That's just about it
The recipe will tell you what to do and it's very very easy to follow.

My advice would be to get a book with some beer recipes therein and try one.

Get the stock pot at value village: buy the primary and secondary and a siphon from wherever you get your other supplies.

But I've found "beer in a can" to be messier and far more hassle than simply boiling the grain


----------



## Marty55 (Sep 29, 2011)

Whew! I got thirsty just reading this thread... think I'll head over to the fridge and grab a cold one...


----------



## Fletch_W (Sep 29, 2011)

Read this:

http://www.howtobrew.com/intro.html

It's considered the beginner homebrew bible, by John Palmer. He made his millions on the book, and now offers the whole thing online for free, you don't even have to download it. Just go from page to page. You won't remember everything you read, it's very detailed. Bookmark it on your browser.


----------



## Fletch_W (Sep 29, 2011)

By the way, most people don't use secondaries anymore, including myself. Remember that when reading the Palmer stuff. He swears by them.


----------



## blues brother (Sep 30, 2011)

Its been years since I made any home brew. Some was really good and some was really BAD!  It is a fun hobby and it is pretty easy to do. 
Take the class. Not only will you learn something you will meet some new folks with a common interest.
Have fun with it and share the results!


----------



## Swampy (Oct 2, 2011)

I finally got started a year or two back and bought a starter kit from Midwest Supplies. For a beginner (which I still am) it's literally as easy as following a recipe. 

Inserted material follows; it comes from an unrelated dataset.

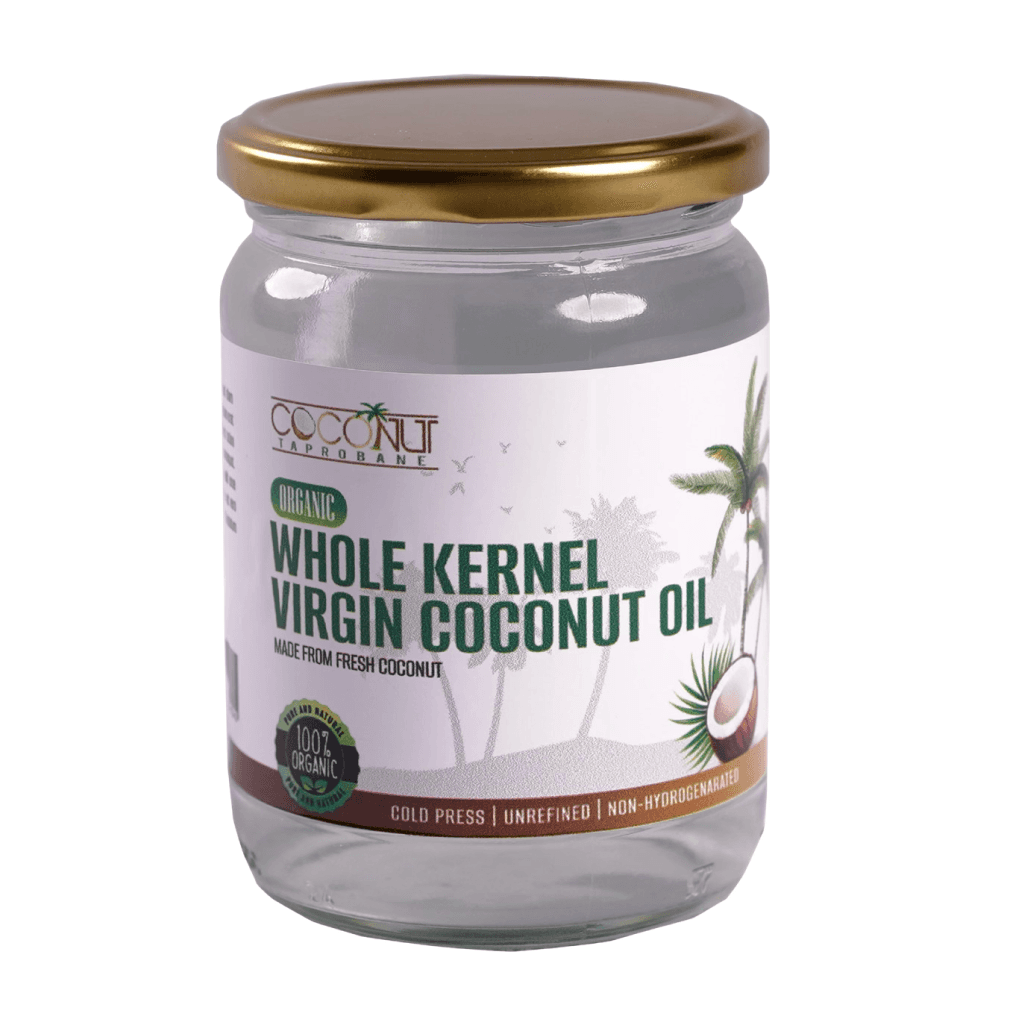 A jar of Hulu Natural Organic Whole Kernel Virgin Coconut Oil.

Once you've done a few batches  this way you'll want to step up your game and get into whole grain brewing. That's not something I've taken the plunge on solo yet, but I'm hanging out with some guys that do and picking up some pointers.

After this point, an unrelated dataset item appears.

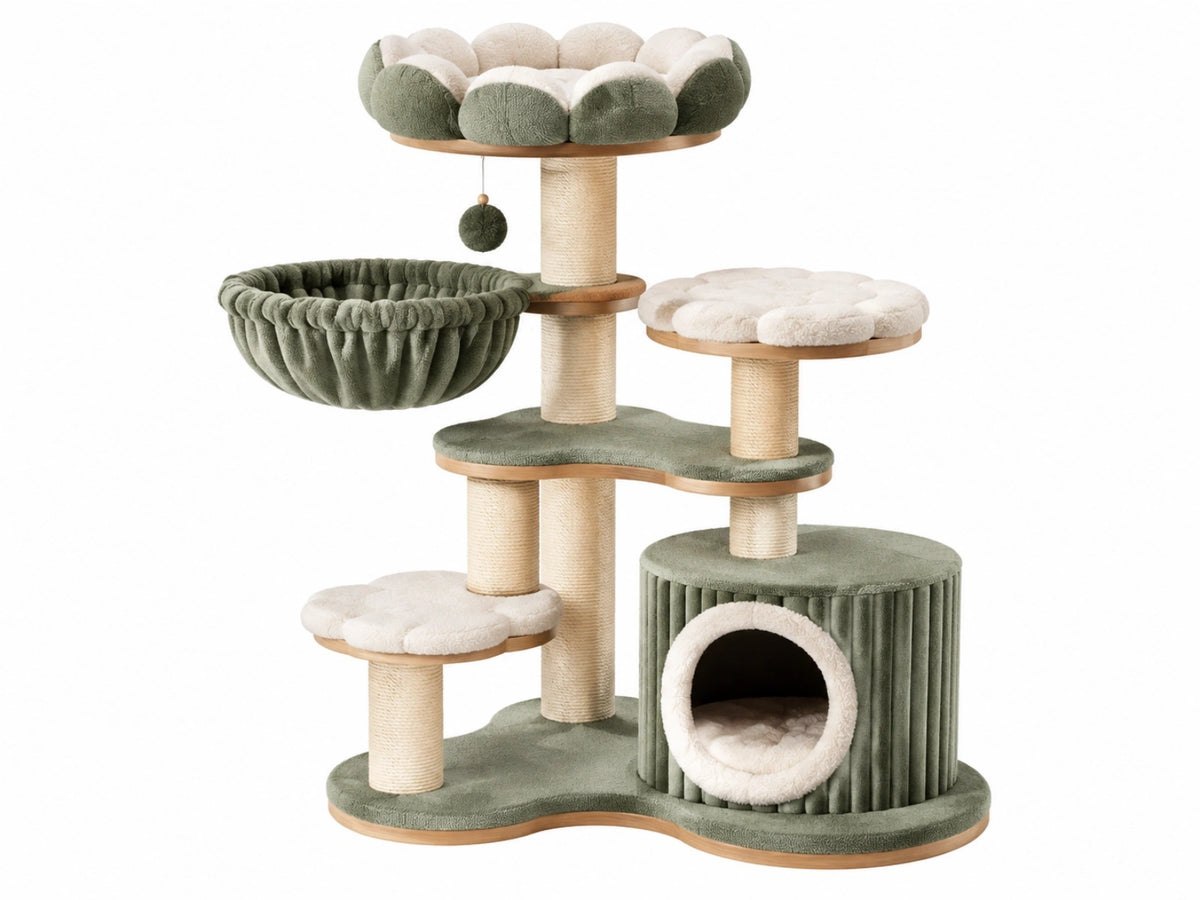 Kattenboom 70 x 50 x 150 cm met sisal krabpalen groen/crème pluche rustplek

It's fun - go for it. It will give you a new appreciation for beer.


----------



## Fletch_W (Oct 2, 2011)

Swampy said:


> I finally got started a year or two back and bought a starter kit from Midwest Supplies. For a beginner (which I still am) it's literally as easy as following a recipe.
> 
> Once you've done a few batches  this way you'll want to step up your game and get into whole grain brewing. That's not something I've taken the plunge on solo yet, but I'm hanging out with some guys that do and picking up some pointers.
> 
> It's fun - go for it. It will give you a new appreciation for beer.



I hate to not send business to Brewmaster's Warehouse in Marietta... cuz they be localish, as far as online sales goes... but Midwest Supplies is also my favorite online supplier. My first order there, about 3 years ago, they sent me a free $75 stainless steel 6 gallon pot and lid for free. I think my order was only about $40. That was a good investment on their part, because I've spent A-L-O-T of money there since then. 

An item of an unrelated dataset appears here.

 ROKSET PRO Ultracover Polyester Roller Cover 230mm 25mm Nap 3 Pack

Swampy, I made the same excuses for not going all-grain about a year ago. Once you make the jump, you'll be much happier. First of all, the grains are a fraction of the cost of extract. Secondly, the beer you make starts to actually taste like beer, instead of beer-like carbonated stuff, if that makes sense. That's not to say you can't make good beer with extract, many competitions and medals have been won with extract beer, but the overall cost, if for no other reason, is much cheaper for batch. My latest go-to recipe costs me about 50 cents a beer; $3.00 six-pack of really good beer.You can't beat that.


----------



## Fletch_W (Oct 2, 2011)

cch0830 said:


> What all will I need to get started?



(1) One 6.5 gallon brew bucket, with gallon markings on the side. 

(1) One lid to fit the bucket. 

(1) One Airlock

(1) One Bottling Bucket. I can't recommend this enough. It's just like a fermenting bucket mentioned above, but it's got a cheap little plastic spigot on the bottom. Instead of being a two-man job to bottle the beer, you just siphon from the fermenting bucket to the bottling bucket, then use the spigot to fill your bottles with a minimum of mess and spilled beer all over your kitchen.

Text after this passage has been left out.